El campo corre hasta donde alcanza mi vista.
Veo el horizonte escurridizo y me quedo sin aliento. La piel se me eriza y los pulmones se expanden al inhalar la infinidad de aire. Veo a lo lejos el cielo chocar con la tierra.
Se me vienen mil memorias a la mente.
Las olas incansables de los siembros de trigo ahogan la vista. El cielo de color azul claro, como una acuarela desteñida.
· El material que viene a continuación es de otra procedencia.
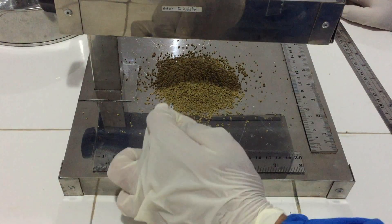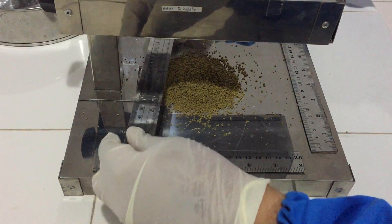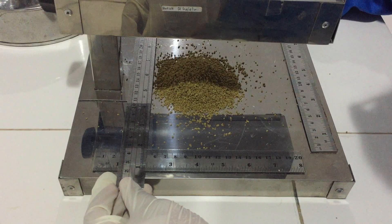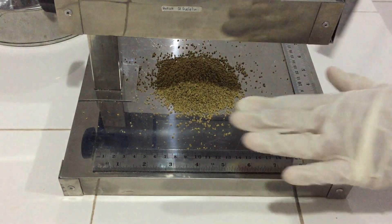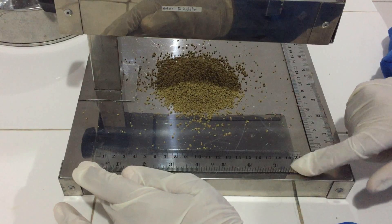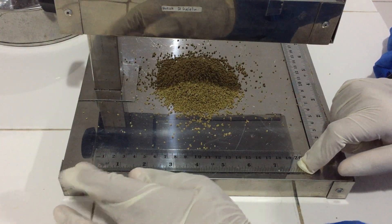Baik, dari sisi sebelah sini kita ukur juga. Tepat di nomor 5, kemudian yang disini juga di 15. Jadi sisi sini itu sama dengan sisi belah sini. Granul, cukup sekian dan terima kasih. (From the other side we also measure: from 5 to 15 — the result is the same as the first side.)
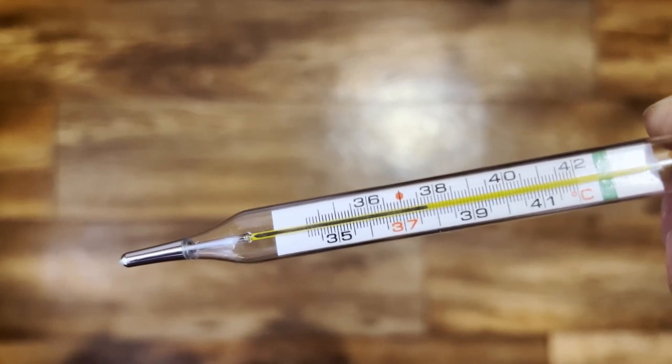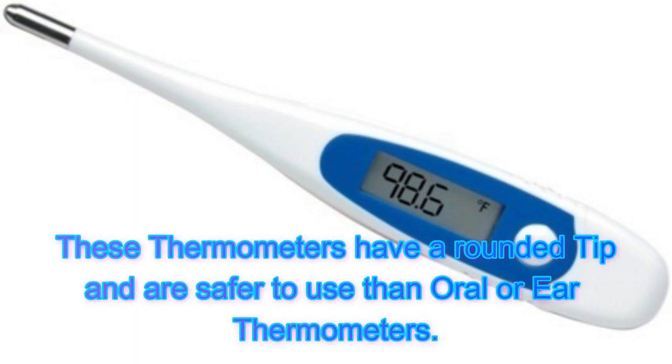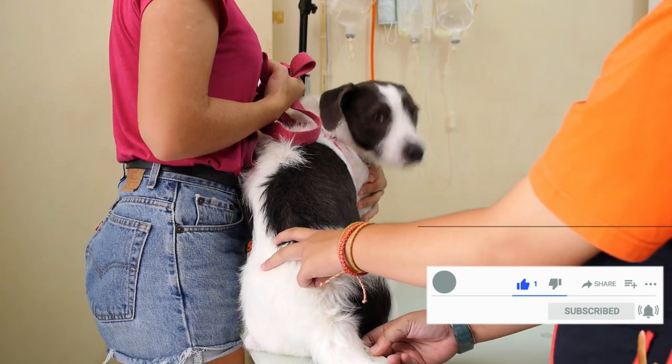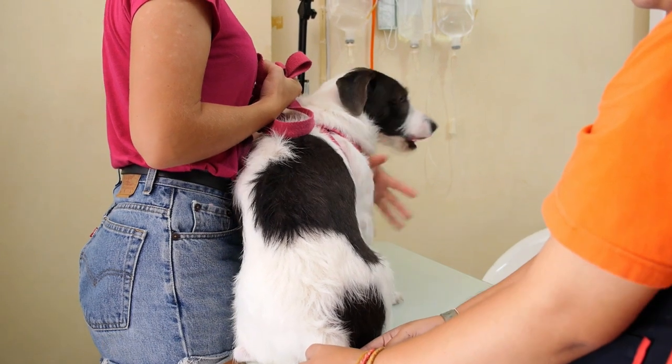Choose the right thermometer. Look for a rectal thermometer designed for pets. These thermometers have a rounded tip and are safer to use than oral or ear thermometers. Prepare and handle your dog. Make sure your dog is calm and comfortable before attempting to take their temperature. Have someone hold and soothe them if needed.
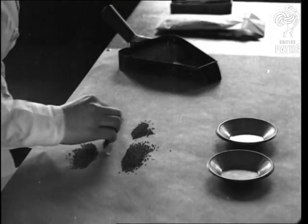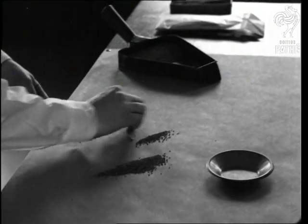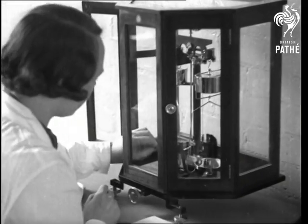A process of continuous halving of the bulk samples sent to the station gives the right quantity for analysis. Then it's weighed, and the weight depends on the size of the seed.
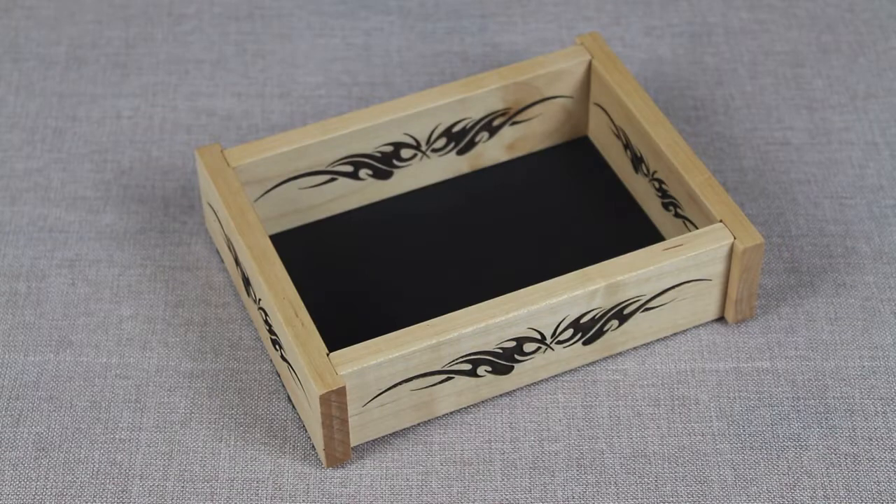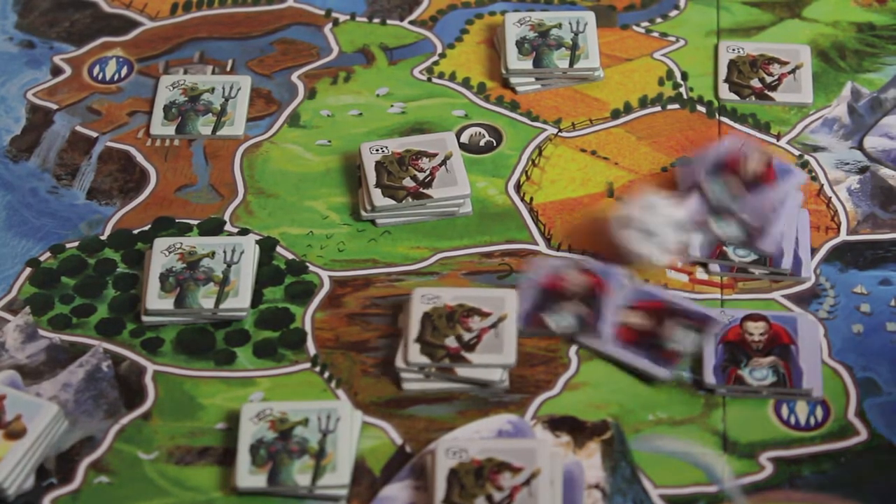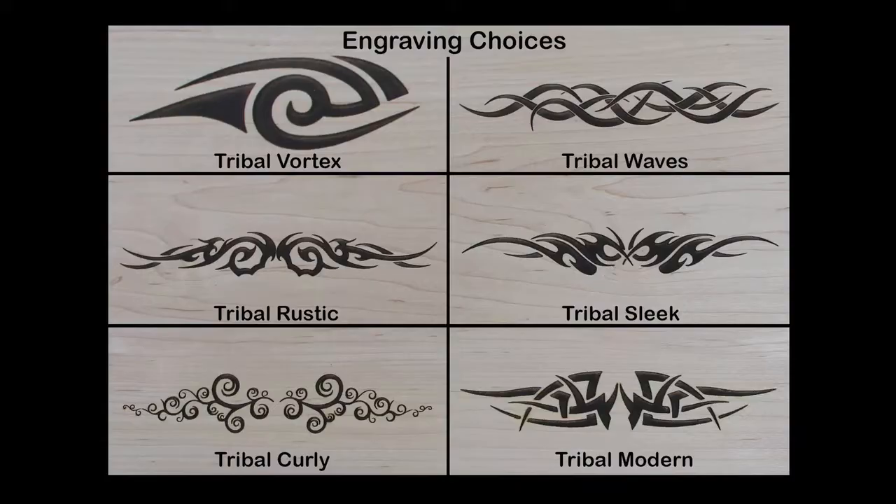Not only does it provide a compact area to roll a large number of dice, it also prevents dice from rolling across the tabletop, knocking over game pieces, and leaving the gaming surface in disarray. Combine all this with the engravings of your choice to create a unique statement piece that belongs on your gaming table.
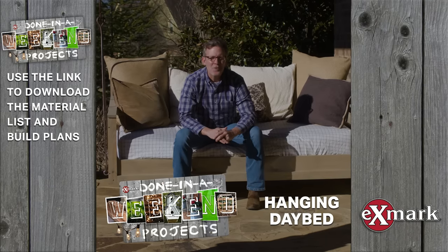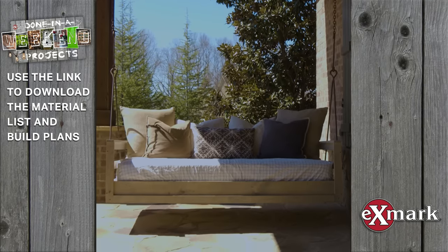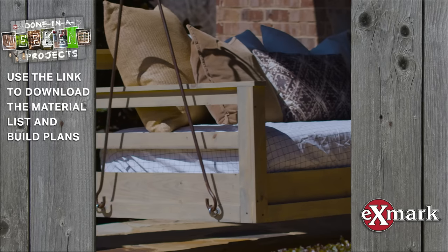In today's done in a weekend projects video, we're going to show you how to build this really cool hanging day bed. I think you're going to love it. Let's get started.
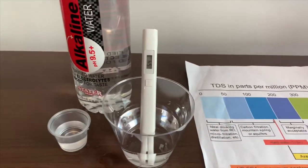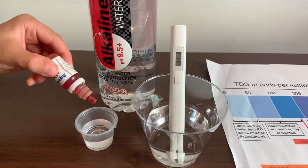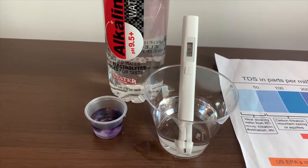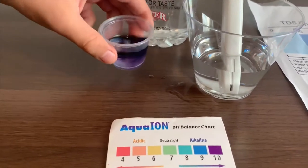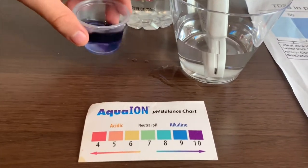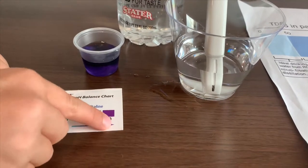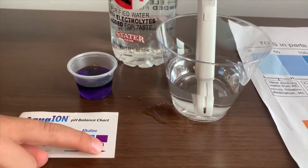Now let's test the pH level. Only do two drops. I see this is teal — that is alkaline water.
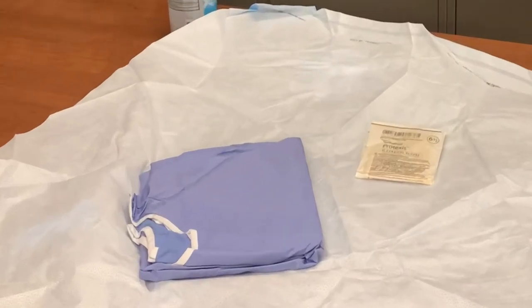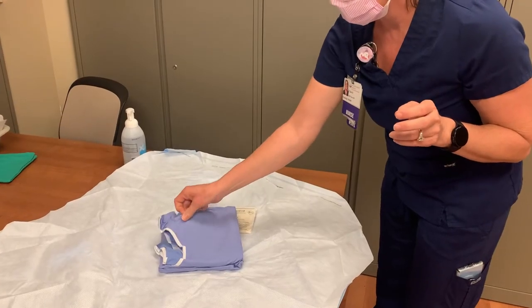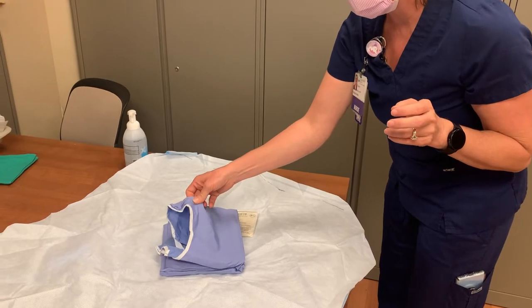The sterile gown is now revealed. It is packaged inside out. You are able to touch the inside of the gown, but be careful not to touch the outside surface, or the gown will become contaminated and you will need to start over with new supplies.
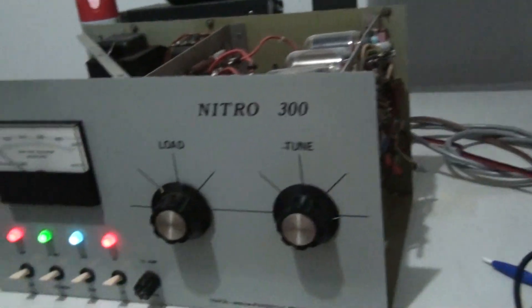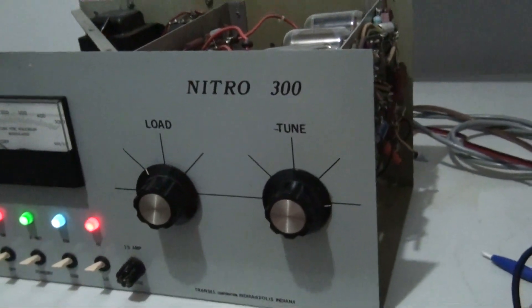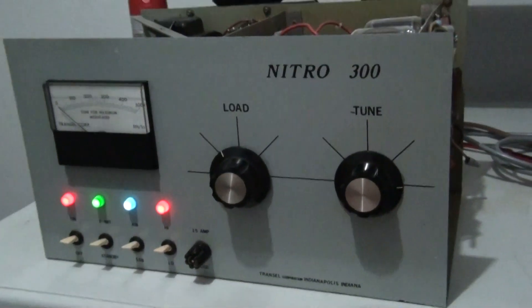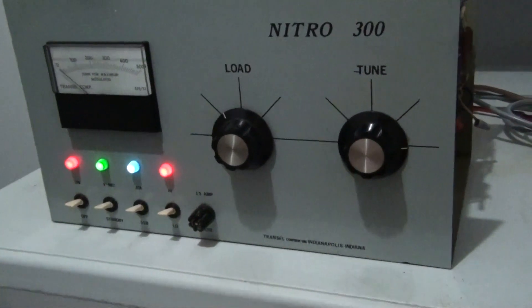So I'm going to do a video on this amp. We're going to show the output, take a look at the inside of it, kind of tell the story on it. This one is for sale. First I'll explain how I got it, how I came across it.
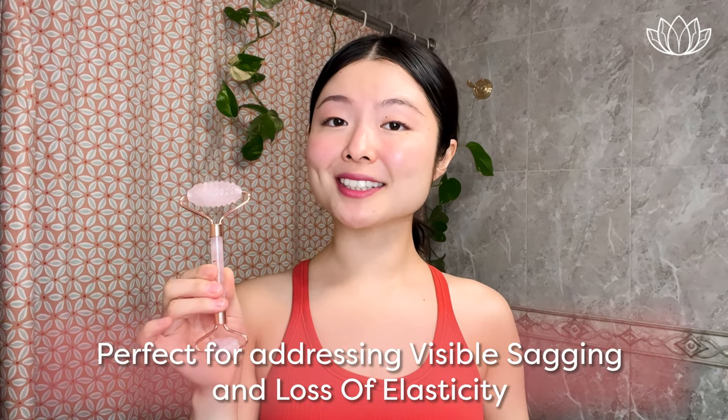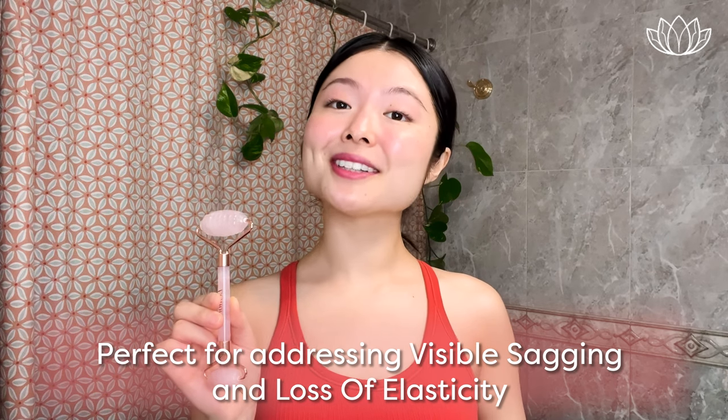Hi loves! This is Sun Young from Lemore Beauty. Welcome to our highly requested facial roller massage for visible sagging and loss of elasticity. Without further ado, let's begin. First, we recommend doing this on clean, moisturized skin for best results along with a clean facial roller.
Las pocas nubes perdidas al igual que solitarios árboles. La calle interminable hipnotiza. Las imágenes cambian con tal velocidad que parecen una sola imagen estirada. La libertad surrealista me transporta en el tiempo.
Corro en un vestido veraniego por el campo de trigo. Las espigas reventadas por los granos hinchados me golpean la piel descubierta, raspan como una lija con sus vellos ásperos. El sol está cayendo. Va a una unión inminente con el trigo. Me he quedado sin aliento pero no he avanzado nada. Sigo en el mismo lugar dentro de una burbuja. Estoy atrapada entre los horizontes.
¿Quién jamás ha inventado que la Tierra era redonda?
Es plana. Tan plana como la palma de una mano callosa, como una mesa de madera tosca. Nunca se termina. Sigue y sigue hasta abrasarse con el cielo. Este cielo de azul desteñido. El cielo que solía ver con indiferencia cómo hace nada las bombas la despedazaban sin piedad y los tanques la mecían sin remordimiento.
Las ruedas de mi coche agotan la carretera interminable. Las imágenes no sé cambian, se quedan estáticas, estiradas y congeladas en el tiempo. El mismo árbol, el mismo trigo, la misma vaca, el mismo tractor.
La misma vaca, el mismo tractor, el mismo árbol, el mismo vestido, el mismo cielo, el mismo trigo.
El tiempo se me había escurrido entre los dedos. Se había deslizado por un agujero.
El mismo agujero que me ha traído al país donde la Tierra es acortado por las montañas caprichosas. El país de las explosiones del verde y las murallas de aguaceros. El país de las maravillas, donde no existen las carreteras rectas, ni los tanques, ni los horizontes, ni las bombas, ni el trigo tampoco.